Data extracted from a collection
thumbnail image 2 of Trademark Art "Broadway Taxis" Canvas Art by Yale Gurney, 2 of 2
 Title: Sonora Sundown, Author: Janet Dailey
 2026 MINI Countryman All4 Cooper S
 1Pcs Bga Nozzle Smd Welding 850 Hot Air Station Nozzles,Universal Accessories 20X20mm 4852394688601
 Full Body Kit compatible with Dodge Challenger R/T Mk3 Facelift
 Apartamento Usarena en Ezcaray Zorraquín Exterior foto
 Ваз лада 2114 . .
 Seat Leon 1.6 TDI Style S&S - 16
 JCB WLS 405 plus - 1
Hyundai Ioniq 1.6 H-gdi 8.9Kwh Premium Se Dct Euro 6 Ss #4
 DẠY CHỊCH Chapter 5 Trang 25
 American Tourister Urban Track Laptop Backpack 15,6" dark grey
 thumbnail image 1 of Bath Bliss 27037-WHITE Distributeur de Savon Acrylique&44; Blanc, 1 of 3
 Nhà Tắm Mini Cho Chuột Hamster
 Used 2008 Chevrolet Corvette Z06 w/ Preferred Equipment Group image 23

**PROBLEM STATEMENT**
Every record must be retyped so that it matches the original exactly.

**YOUR RESPONSE**
thumbnail image 2 of Trademark Art "Broadway Taxis" Canvas Art by Yale Gurney, 2 of 2
 Title: Sonora Sundown, Author: Janet Dailey
 2026 MINI Countryman All4 Cooper S
 1Pcs Bga Nozzle Smd Welding 850 Hot Air Station Nozzles,Universal Accessories 20X20mm 4852394688601
 Full Body Kit compatible with Dodge Challenger R/T Mk3 Facelift
 Apartamento Usarena en Ezcaray Zorraquín Exterior foto
 Ваз лада 2114 . .
 Seat Leon 1.6 TDI Style S&S - 16
 JCB WLS 405 plus - 1
Hyundai Ioniq 1.6 H-gdi 8.9Kwh Premium Se Dct Euro 6 Ss #4
 DẠY CHỊCH Chapter 5 Trang 25
 American Tourister Urban Track Laptop Backpack 15,6" dark grey
 thumbnail image 1 of Bath Bliss 27037-WHITE Distributeur de Savon Acrylique&44; Blanc, 1 of 3
 Nhà Tắm Mini Cho Chuột Hamster
 Used 2008 Chevrolet Corvette Z06 w/ Preferred Equipment Group image 23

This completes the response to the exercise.